Interview著者インタビュー

review:「サッカーボーイズ」シリーズの著者が描く、異色の「お仕事小説」――評者:北上次郎

 はらだみずきが「お仕事小説」を書くとは思わなかった。しかも、その仕事が紙の専門商社。だから、中身がややマニアックで、専門的である。
 本書の主人公神井航樹が勤める銀栄紙商事について、次のような記述があるのでまずはそれを引く。
「紙は製紙メーカーによって抄造されるが、その多くは代理店と呼ばれる特約商社が仕入れ、販売している。銀栄紙商事は、それら代理店のなかで中堅に位置していた」
 で、その仕事の中身が具体的描かれていくことになるが、これがすごい。専門用語が次々に飛び交うのである。たとえば冒頭近く、「キクヨコロクニイハン」という言葉が出てくる。なんだか呪文のようだ。新入社員の航樹はもちろんわからない。これは、菊判のヨコ目、62.5キログラムの略だ。この略語がわからないから、最初は次のように注文する。

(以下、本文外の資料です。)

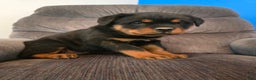 Rottweiler dogs for sale: Lily  - Ad 2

「えーと、シリウスコートの、ナナハチハチのヒトマルキュウイチ、タテ目、連量は〈90〉、二十連なんですけど、こちらメーカー在庫あるでしょうか?」
 すると、
「わるいんだけどさ、ナナハチハチのヒトマルキュウイチ、タテ目、じゃなくて、四六タテって言ってくれる?」
 と言われてしまう。長ったらしく言っていたら仕事にならないと、注意されるわけだ。こうして神井航樹はひとつずつ仕事を覚えていく。彼が覚えなければならなのは、略語だけではない。彼は仕入れ担当なので、各部からの注文に応えなければならない。在庫をいつも切らさないように注意しなければならない。時には、駆け引きも必要だ。そのディテールが、そして成長の過程が克明に描かれていくので、どんどん引き込まれていく。

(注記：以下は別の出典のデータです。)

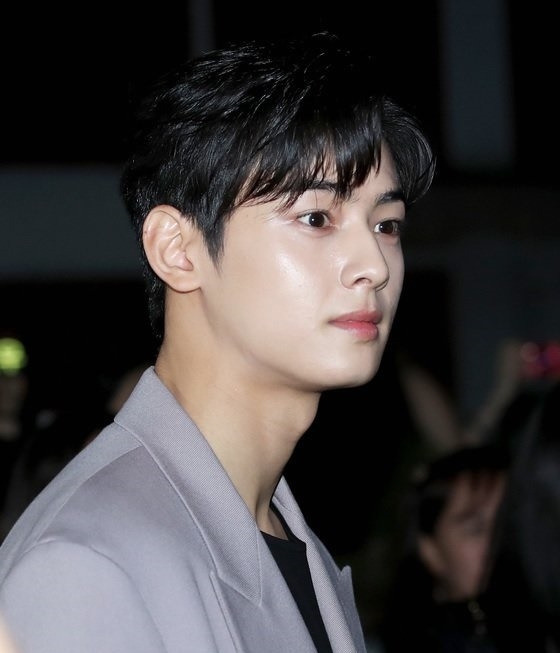 차은우. 사진=뉴스1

 編集という仕事に憧れて出版社の試験を受けるものの、ことごとくハネられ、仕方なく本に近いところにいたいという理由だけで紙の商社に勤めた神井青年の青春が、こうして描かれていく。
 時代は1980年代の後半である。村上春樹『ノルウェイの森』と俵万智『サラダ記念日』がベストセラーになり、国鉄が民営化されてJRになり、日本中がバブルに浮かれていた時代である。その後の就職氷河期に比べれば、景気のよかった時代であるから、恵まれていたとは言える。しかしそれでも、どんな時代でも、自分の希望する職種につける者は少ない。

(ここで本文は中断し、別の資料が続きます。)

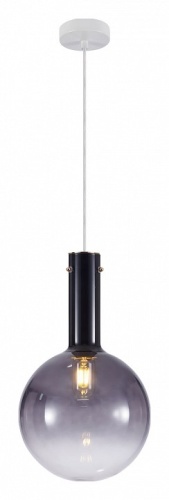 Подвесной светильник Favourite Alba 4103-1P в Симе фото 4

 では、希望する職種から拒否された青年はどうしたらいいのか――いつの時代にもあるそういう問いへの答えが、ここにある。
 紙の商社から出版社へ、という神井の職歴は作者自身とある程度重なるが、本書にその自伝的要素がどこまで濃く反映されているのかはわからない。ただひとつ言えることは、いま目の前にあることに熱中していけば、その仕事をやめたとしても道は必ず開けるということだ。そういう意味でこれは、異色の「お仕事小説」だ。